Top of PROVIDED MATERIAL

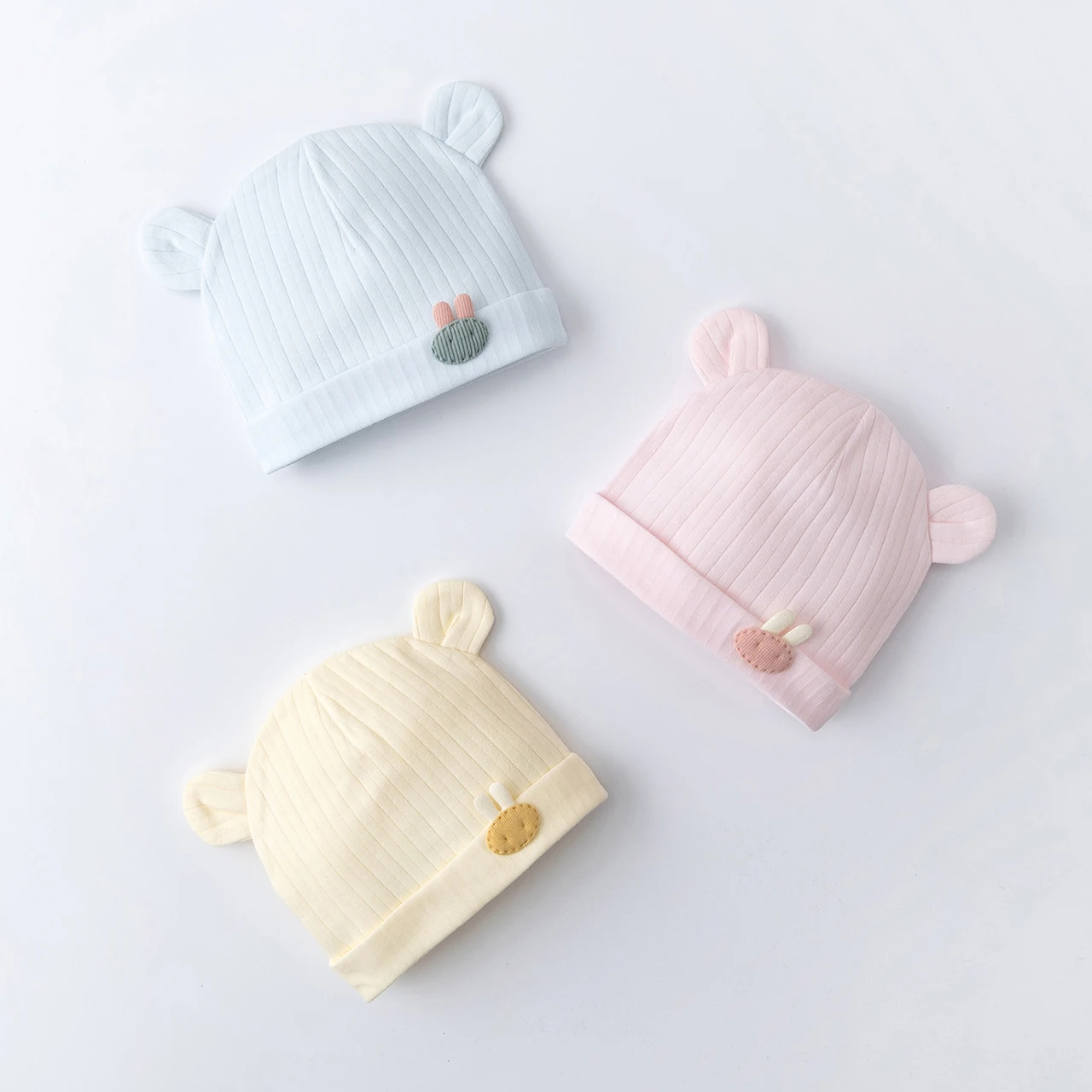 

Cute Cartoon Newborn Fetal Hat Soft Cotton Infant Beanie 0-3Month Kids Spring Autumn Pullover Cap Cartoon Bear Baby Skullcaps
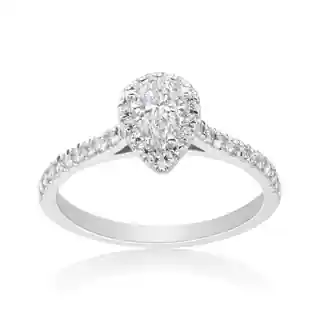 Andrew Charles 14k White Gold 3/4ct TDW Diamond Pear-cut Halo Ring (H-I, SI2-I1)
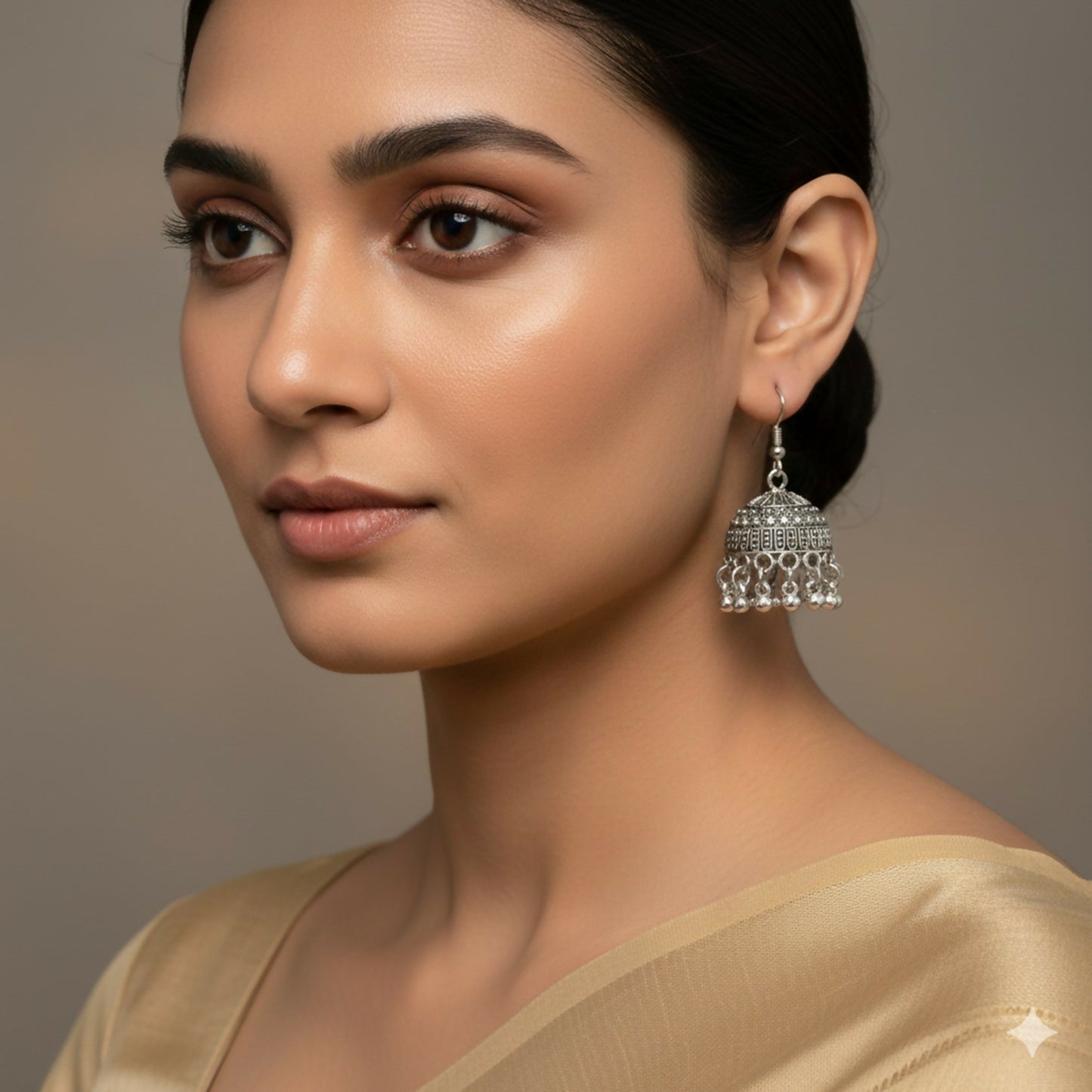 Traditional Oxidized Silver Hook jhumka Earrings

Bottom of PROVIDED MATERIAL

## ABOUT THIS EXERCISE
Could you return, word for word, every line from the line with "Andrew Charles 14k" through the last line of the listing above, both ends included, without any pictures?

## YOUR SOLUTION
 Andrew Charles 14k White Gold 3/4ct TDW Diamond Pear-cut Halo Ring (H-I, SI2-I1)
 Traditional Oxidized Silver Hook jhumka Earrings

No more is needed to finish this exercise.